例えば、遅刻を1回したら5分の遅刻でも5,000円引くといった定めをしている会社があります。この定めは懲戒処分のうち「減給」にあたりますが、懲戒処分として制裁をする場合には就業規則に記載しなければなりません。
経営者の気分や裁量で一方的に給与をカットすることはできず、減給する場合は、その事由(無断欠勤・遅刻など)を就業規則に明記する必要があります。

ただし、遅刻・無断欠勤した場合に、その時間に相当する賃金を支払わないことは91条に定める減給の制裁ではありません。
労働基準法は、基本的にノーワークノーペイの原則があります。
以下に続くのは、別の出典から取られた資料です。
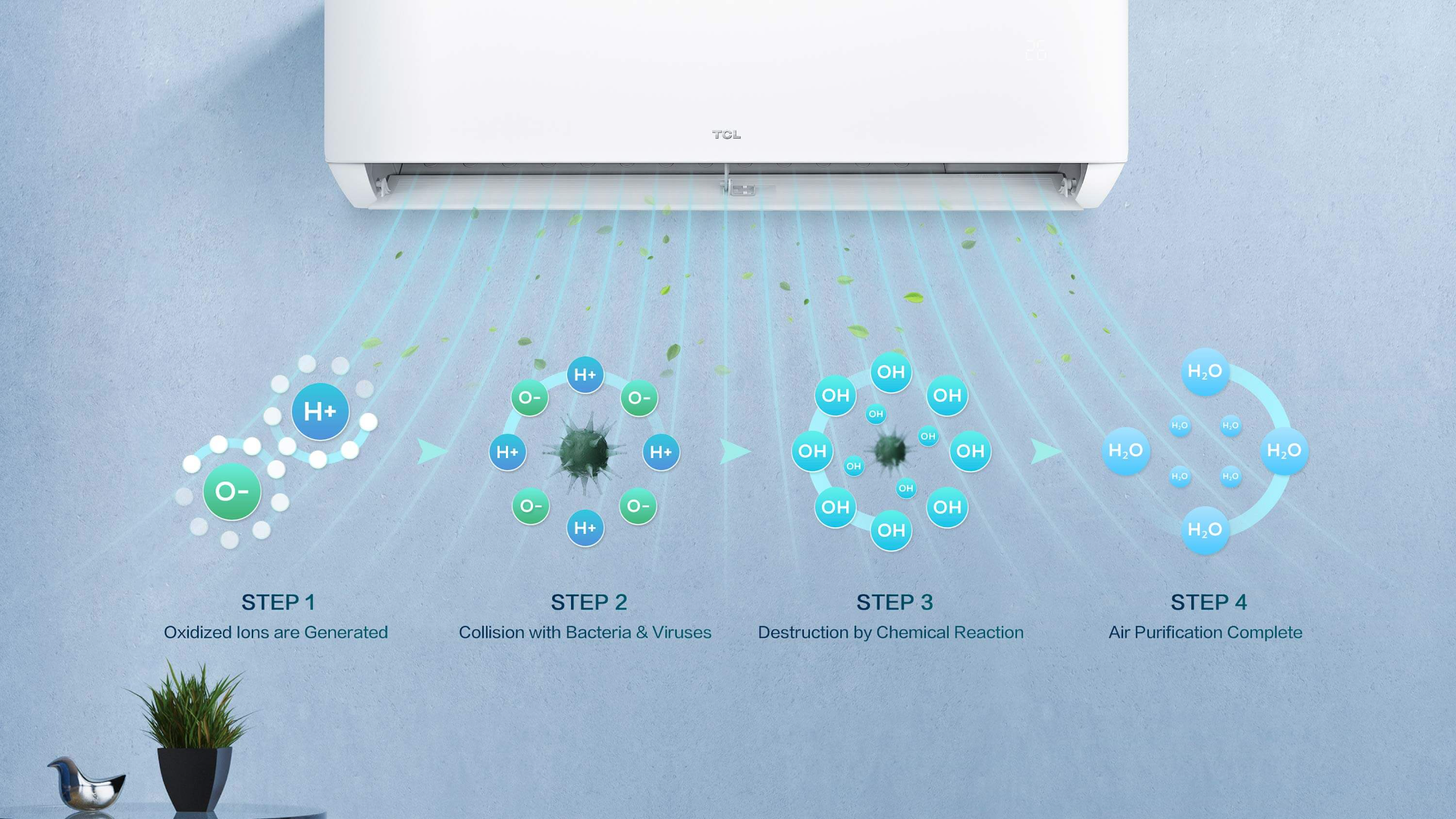 TCL GENTLECOOL SERIES AC 4-Step Air Purification 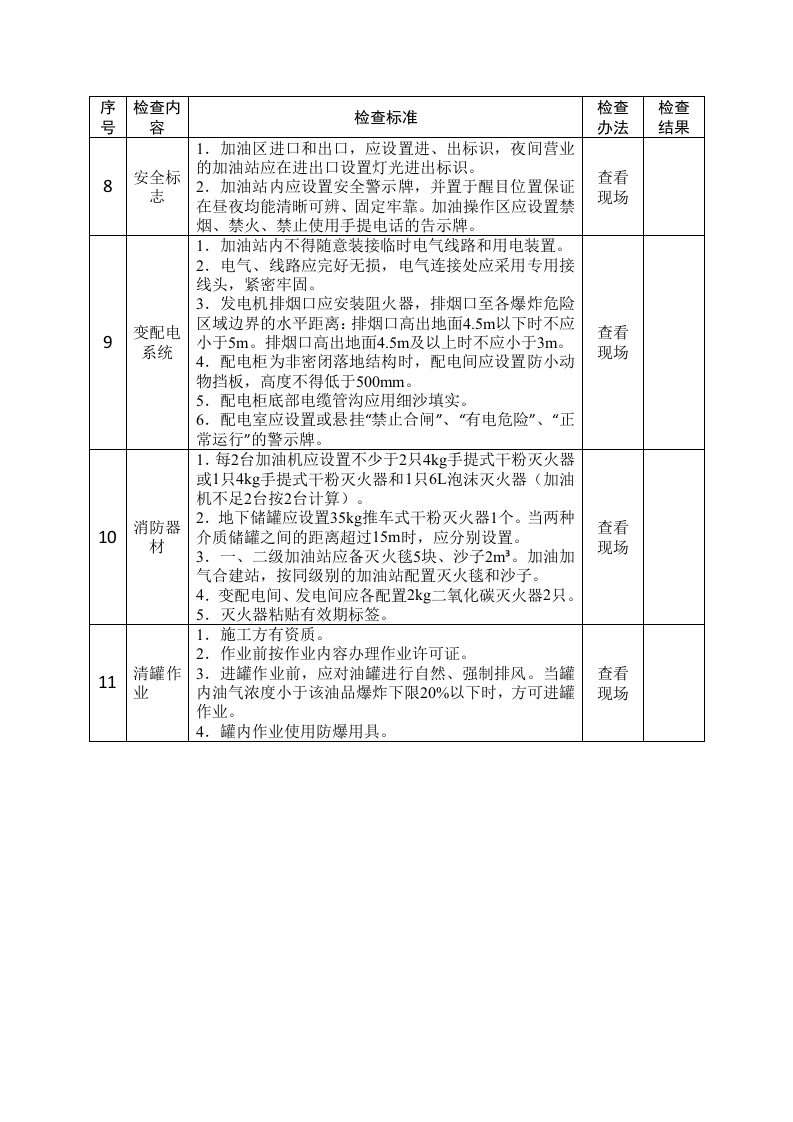加油站安全生产督导检查表.docx 第2页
労働者の労務提供がなければ会社は賃金を支払わなくてよいという原則で、有給休暇を除いて、働いていない時間の賃金を保証する義務はありません。
実際の欠勤時間分の給与を超える減額をした場合には、その超えた金額は91条に定める減給となり、月給30万円、平均賃金1万円の従業員の場合、1回の処分で5千円、1か月の合計で3万円を上限として減額が可能です。

とはいえ、労働者がトラック等を破損した場合、発生するのは、あくまでも労働者への損害賠償請求になるので、懲戒処分とは分けて考える必要があります。